'Being Margaret Thatcher was a very demanding, 24-hour-a-day job. Like many people held in the grip of their own convictions, Thatcher had trouble understanding the thoughts and words of others. She was, and no doubt is, a kindly woman. Staff were always pleased when she remembered their birthdays, even more when she remembered their children's birthdays. She could be tolerant of other people's way of living, even when she did not understand or sympathise with it. However, if she had a sense of humour, it was well hidden.
There are many stories about this. When the Liberals adopted a sort of stylised yellow bird as their logo, one of her speechwriters produced a passage based on Monty Python's parrot sketch – 'this parrot is no more, it has shuffled off this mortal coil and gone to join the choir invisible . . .' She had to be persuaded that the lines were funny, and would be recognised by the audience.
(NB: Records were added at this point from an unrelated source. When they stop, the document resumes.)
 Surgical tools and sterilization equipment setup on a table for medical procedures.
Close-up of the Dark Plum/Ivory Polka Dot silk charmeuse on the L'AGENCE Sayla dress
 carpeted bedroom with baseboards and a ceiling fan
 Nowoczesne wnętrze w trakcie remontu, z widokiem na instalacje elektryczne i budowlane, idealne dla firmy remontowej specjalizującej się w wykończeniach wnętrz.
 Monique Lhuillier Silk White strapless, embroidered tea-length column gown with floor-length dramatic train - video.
She had one other concern: 'This Monty Python, is he one of us?' (Interestingly, Cameron referred to the same sketch in his party conference speech this week, confident that everyone would get the joke.)
Earlier, Peter Jay, the son-in-law of the then prime minister Jim Callaghan, had said that Callaghan saw himself as Moses, leading his people after long travails into the promised land. It was a silly thing to say, and Thatcher's people seized on it. They wrote a line for her party conference speech: 'My message to Moses is: 'Keep taking the tablets.'' But she didn't get the joke and tried to change it to 'Keep taking the pills.' Only after it was carefully explained to her did she agree to the proper version.
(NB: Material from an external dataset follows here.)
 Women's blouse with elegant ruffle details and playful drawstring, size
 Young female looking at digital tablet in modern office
She was nonetheless the source of much unwitting humour. Just as, in an early silent movie, when you see a man up a ladder with a pot of paint, you know with near certainty that the star is going to walk under the ladder at exactly the wrong moment, so with Thatcher. When a double entendre appeared in the offing, you felt she was certain to utter it.
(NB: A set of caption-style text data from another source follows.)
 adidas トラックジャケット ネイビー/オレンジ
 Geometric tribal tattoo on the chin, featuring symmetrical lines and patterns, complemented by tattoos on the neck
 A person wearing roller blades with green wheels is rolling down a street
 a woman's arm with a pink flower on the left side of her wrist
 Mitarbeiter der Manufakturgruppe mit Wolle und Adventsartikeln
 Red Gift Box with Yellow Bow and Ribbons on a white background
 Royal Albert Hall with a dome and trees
I recall Thatcher being asked in the Commons about pacifists handing out leaflets outside an army barracks. 'I'm sure soldiers will know exactly what they can do with those leaflets!' she said, to outright laughter from the Labour side and surreptitious giggles from the Tories.
At a training centre in Putney, she was introduced to an extremely large youth who was working with a giant wrench. 'Goodness,' she said, 'I've never seen a tool as big as that!'
But Thatcher saved the best of all for her victory tour of the Falkland Islands. She was taken to inspect a large field gun, basically a ride-on lawnmower with a barrel several feet long. It was on a bluff, overlooking a plain on which another Argentine invasion might one day materialise. She admired the weapon, and the soldier manning it asked if she would like to fire a round.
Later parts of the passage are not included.